Mr Lawlor recommends gradually altering your bedtime two to three days before the clocks go back, so that your body clock gets used to the change in routine.
“Get up 20 minutes later over the weekend because this will help your body to gently adjust to the new schedule,” he said.
“Exercise and eat 25 minutes earlier than usual so your body can ease into the new time routine.”
Psychologist Dr Lindsay Browning said light exposure is key to shaking off any tiredness as a result of the clocks changing.
The neuroscientist and sleep expert for And So To Bed said: “If you don’t alter your bedtime before the clocks change, you may find that you wake up too early and find yourself tossing and turning in bed until your alarm goes off.

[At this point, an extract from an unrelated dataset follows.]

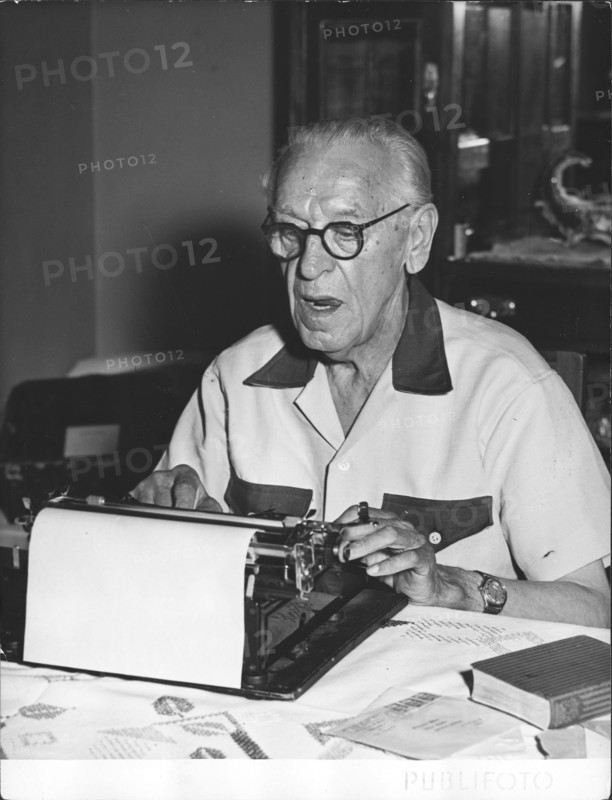 Grock at home typing.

“This can leave you feeling tired during the day, as though you didn’t have a good night’s sleep.
“To help combat this, and to help you get going in the morning, start the day by opening your curtains wide as soon as you wake up to let in the light.
“Also, make sure that you leave the house for a mid-morning/lunchtime walk to help you get some important sunlight exposure and a little light exercise.”
Dos and don’ts from the sleep experts
Don’t nap: daytime naps can make it more difficult to fall asleep at night.
Do keep a regular sleep routine.
Don’t use electronic screens just before bed — the blue light they emit wakes you up.
Do wind down before bed — dim the lights and read a book, rather than watching TV.
Do exercise — burn off any excess energy before bed to foster relaxation (but not too close to lights-out time).
Do get outside for afternoon walks and runs — exercise outdoors and exposure to natural light helps combat seasonal affective disorder (SAD) and can improve sleep.
Do cut down on takeaways — healthy eating is the key to good sleep, so less sugary and fatty foods and cutting down on the caffeine that is in tea and coffee will be good for adjusting.